1. Manually synchronize the system clocks of servers running YDB nodes. For instance, use pssh or ansible to run the clock sync command across all nodes.

2. Ensure that system clocks on all YDB servers are regularly synchronized using ntpd, chrony, or a similar tool. Use the same logical time source for every server in the cluster (the same set of NTP servers or the same NTP hierarchy) and configure multiple independent upstream NTP sources.

NTP configuration examples

Below are example settings for chrony. Replace the server list with values appropriate for your environment and security policy.

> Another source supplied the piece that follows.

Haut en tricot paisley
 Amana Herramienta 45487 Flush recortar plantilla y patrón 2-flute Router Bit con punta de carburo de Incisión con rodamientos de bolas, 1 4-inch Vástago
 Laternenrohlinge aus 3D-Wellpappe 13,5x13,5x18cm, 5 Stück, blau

chrony (/etc/chrony/chrony.conf):

server ntp1.example.net iburst
server ntp2.example.net iburst
server ntp3.example.net iburst
server ntp4.example.net iburst
maxslewrate 10000
local stratum 10

Monitoring and alerting

Configure alerts on clock skew between nodes and related symptoms (including Embedded UI data and external monitoring). See Symptoms and thresholds for threshold guidance.

Emergency recovery

If skew becomes critical, you may need forced synchronization (perform this deliberately and according to your cluster’s agreed procedure):

# Example for chrony: stop the service and perform a one-shot sync
sudo systemctl stop chrony
sudo chronyd -q 'server ntp1.example.net iburst'
sudo systemctl start chrony

Suggested sequence on a cluster:

1. Verify NTP servers are correct and reachable.
2. Align time across nodes (without divergent per-node configuration).
3. Confirm convergence via Healthcheck and monitoring.
4. Identify the root cause of the synchronization failure (network, DNS, blocked NTP egress, etc.).

Prevention

• Periodically review metrics and Healthcheck reports for growing skew.
• Validate NTP fault tolerance (multiple NTP servers; UDP/123 reachability if applicable).
• Keep the configuration of the NTP client you use consistent across all cluster nodes.